Summary of project

This is the Milestone Report for the Coursera Data Science Capstone project. The goal of the capstone project is to create a predictive text model using a large text corpus of documents as training data. Natural language processing techniques will be used to perform the analysis and build the predictive model.

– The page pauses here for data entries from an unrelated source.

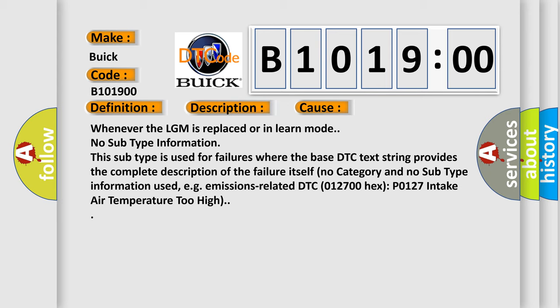Whenever the LGM is replaced or in learn mode. No subtype information. This subtype is used for failures where the base DTC text string provides the complete description of the failure itself. No category and no subtype information used, e.g., emissions related DTC 012700 hex P0127 intake air temperature too high.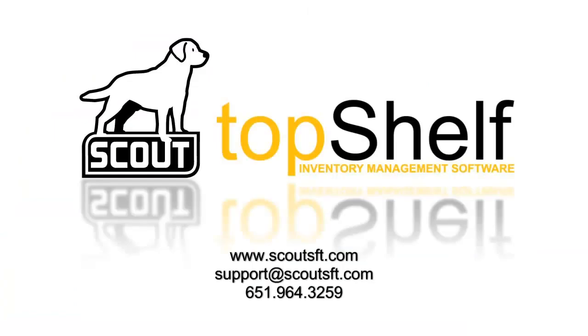This concludes our navigating reports tutorial. If you'd like more advanced information on building reports please see the report designer video in the help section. For more information on this or any other top shelf feature please visit our website at www.scoutsft.com, send an email to support at www.scoutsft.com or give us a call.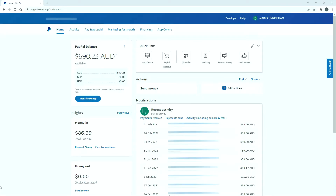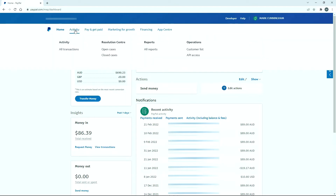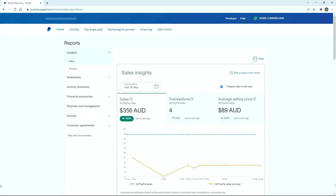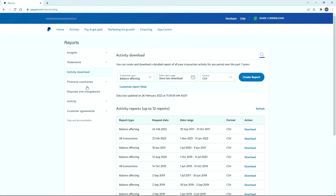Let's jump over into PayPal now and take a look at how we can get the transactions out of PayPal to upload into Xero. From the main dashboard, click on Activity in the top menu, then All Reports, which takes you to the report screen. From there, go to Activity Download, and you should end up on a screen that lets you create and download detailed reports of your transactions for any period over the last seven years.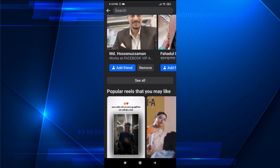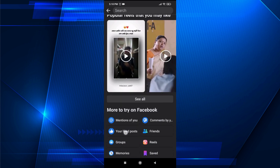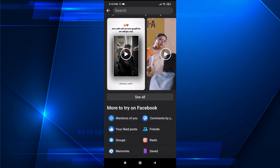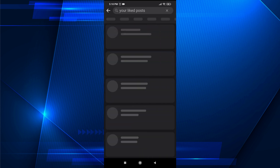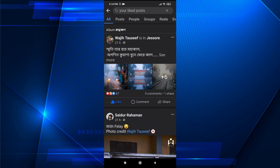Then you need to go down and here you will find an option called 'Your Liked Posts'. To get this option you need to update your Facebook app. Then just tap on 'Your Liked Posts'.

This Milestone Report describes the major features of the data with the exploratory data analysis and summarizes. To get started with the Milestone Report the Coursera Swiftkey Dataset has downloaded. Finally, the plans for creating the predictive model(s) and a Shiny App as data product has explained.

# Loading Libraries
library(tm)
## Loading required package: NLP
library(stringi)
library(RWeka)
library(dplyr)
## 
## Attaching package: 'dplyr'
## The following objects are masked from 'package:stats':
## 
##     filter, lag
## The following objects are masked from 'package:base':
## 
##     intersect, setdiff, setequal, union
library(kableExtra)
## 
## Attaching package: 'kableExtra'
## The following object is masked from 'package:dplyr':
## 
##     group_rows
library(SnowballC)
library(ggplot2)
## 
## Attaching package: 'ggplot2'
## The following object is masked from 'package:NLP':
## 
##     annotate

Download data and load files

DataUrl <- "https://d396qusza40orc.cloudfront.net/dsscapstone/dataset/Coursera-SwiftKey.zip"
DataFile <- "Newdata/Coursera-SwiftKey.zip"
if (!file.exists('Newdata')) {
    dir.create('Newdata')
}
if (!file.exists("Newdata/final/en_US")) {
    tempFile <- tempfile()
    download.file(DataUrl, tempFile)
    unzip(tempFile, exdir = "Newdata")
    unlink(tempFile)
}

Summary of data

The Coursera Swiftkey Dataset contains following three sources of text data:

  1. Blogs
  2. News
  3. Twitter

The provided text data are provided in four different languages. This project will only focus on the English corpora.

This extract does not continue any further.